The course will be made up of lecture and homework. The lectures will cover basic theory and ideas, while the homework will put into practice the ideas from the course. All of the course materials are provided in the form of IPython notebooks (except for the slides, which are pdf) and are fully available on the web with solutions to exercises. It is strongly encouraged that you do the homework in order to learn Python programming. Without practicle application, you will not retain much from the course.

Course Schedule

The course will be organized into five, two hour sessions.

Introduction to Python and Open Source Software. This session introduces Python as an open source, high level programming language, as well as a community. By the end of the session, you should be familiar with the following necessary (or at least useful) components for being a participating member of the Python community:
- The Python interpreter.
- Anaconda Python.
- Text editors.
- Stack Exchange.
- GitHub.
- Running Python code.
Additionally, this session will introduce Python style and syntax, data types, modules and packages, the standard workflow, objects and object oriented programming, documentation for collaboration, as well as some basic examples. By the end of this session you should feel comfortable setting up and working in your new Python environment.

Introduction to the Most Used Modules. This session focuses on some of the most useful modules, including NumPy, SciPy, Matplotlib, and Pandas. All of the features discussed will be introduced using basic examples. The main topics covered will be the following:
- NumPy arrays and their syntax.
- Linear algebra.
- Unconstrained optimization.
- Root finding.
- DataFrames.
- Simple plots.
This session is simply meant to introduce the main features of the big four modules and give students time to become more familar with simple Python programs. By the end of this session you should be comfortable enough with the basic Python interface to know what modules you need to import to do basic calculation, data entry, and data visualization.

Advanced Topics in Numerical Methods and Array Manipulation. This session delves more deeply into NumPy and SciPy.

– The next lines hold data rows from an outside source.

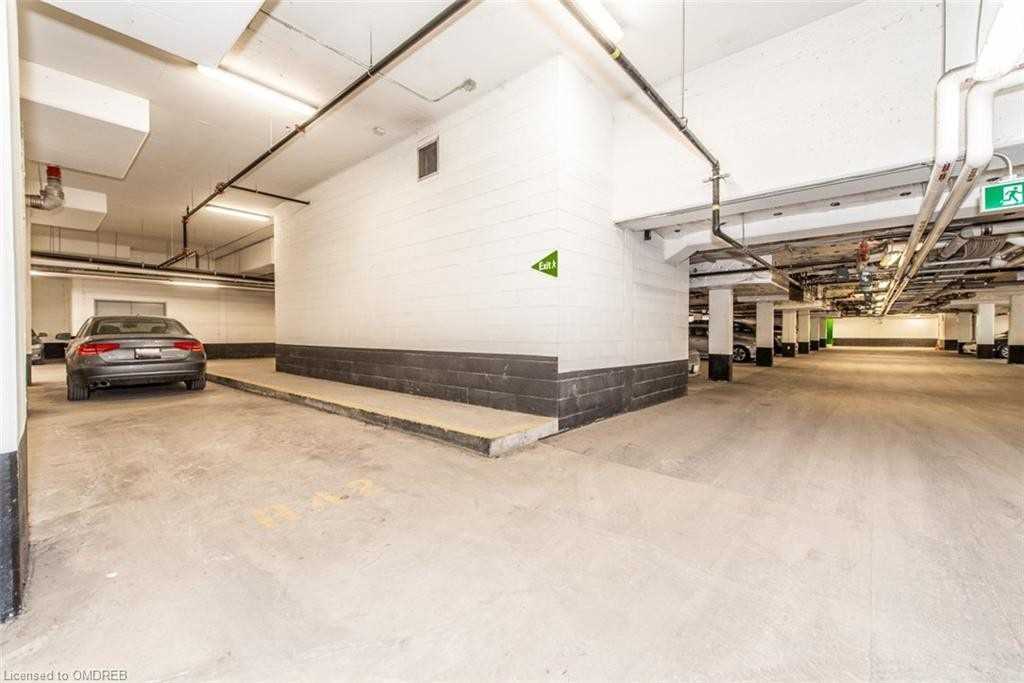 Listing W5973623 - Large Photo # 36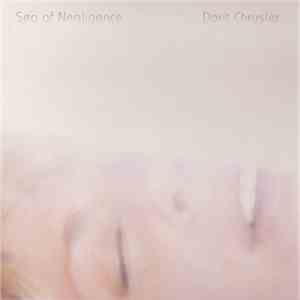 Dorit Chrysler - Sea Of Negligence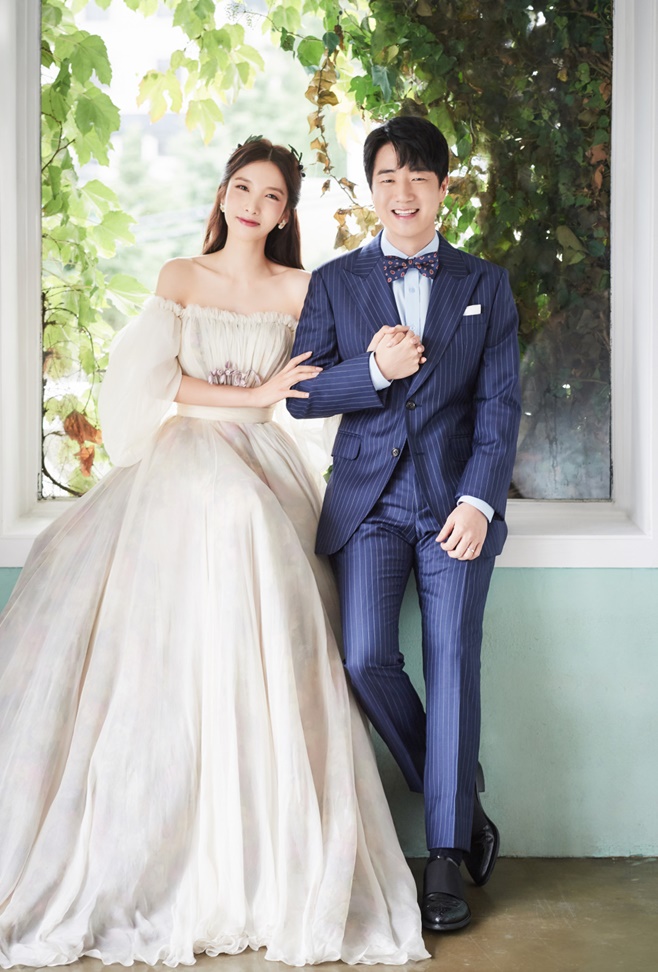 À̵ÎÈñ Áö¼÷ °áÈ¥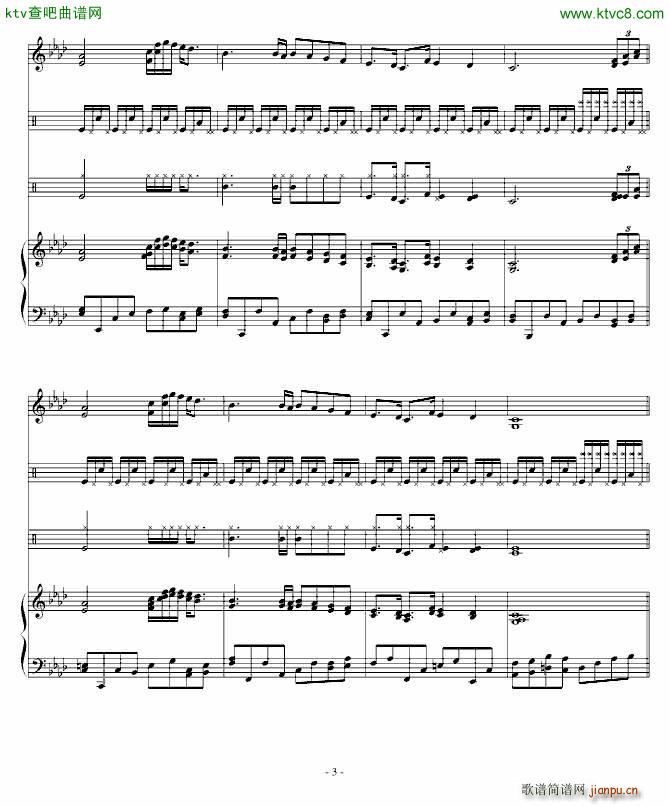 �I����(����V)3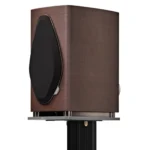 Sonus Faber Sonetto II G2 Bookshelf Speakers (Pair) - Image 5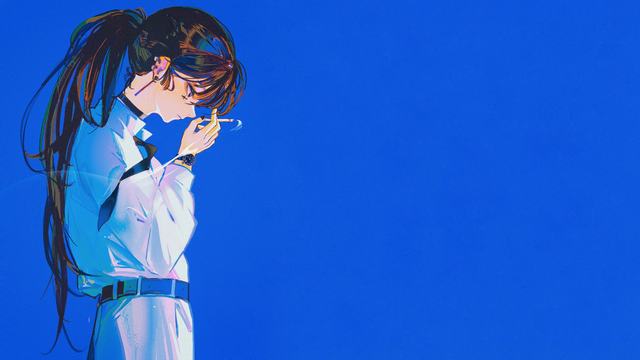 中交重庆总部基地：花园商墅 ，森态办公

We will study the advantages of NumPy's built-in functions and vectorization operations through a practical example: finite elements/projection methods in a simple RBC model. By the end of the session you should be comfortable converting serial/loop style code to vectorized code.

Advanced Topics in Statistics and Data Visualization. This session looks at some of the finer points of data manipulation in Pandas, some econometric methods available from StatModels, as well as how to fine tune your Matplotlib output. We'll see how to automate data retrieval using Python to scrape a webpage for form data and post forms to a site. In Pandas we will focus on data IO and data types, merge, grouping, reshaping, and time series. In StatsModels we will look at some examples of OLS and plotting, but these will only be brief examples meant to introduce the library. Finally, in Matplotlib we will look at the matplotlibrc file, discuss axes objects and object oriented plotting (including subplots). We will also look at Seaborn as an alternative plotting package. As with the previous session, these topics only scratch the surface, but should be enough to get you started. By the end you should at least know where to look to find statistical methods for most economics applications, how to deal with data sets, and be familiar with the finer points of plotting in Python.

CPU and GPU Parallelization: How to super compute. This session will introduce the principles of parallelization and compiler based speed ups. We will begin with a discussion of the basics of how a computer carries out computation, including a discussion of hard disks, ram, CPU, and cores. We'll then discuss why Python is so slow and look at some compilation based solutions to slow code. Next, we'll see some simple parallelization algorithms and how to break down a problem to be parallelized. Next we'll look at multiprocessing for CPU based parallelization. Finally, we'll cover how to use a graphics card to do GPU computation using PyCUDA, which can offer from 300 to 3000 times speed up, and some publicly available resources. By the end of this session you should understand the logic behind parallelization and have a general idea of what resources are available in Python. You should also have an understanding of how to use PyCUDA to run code on a GPU.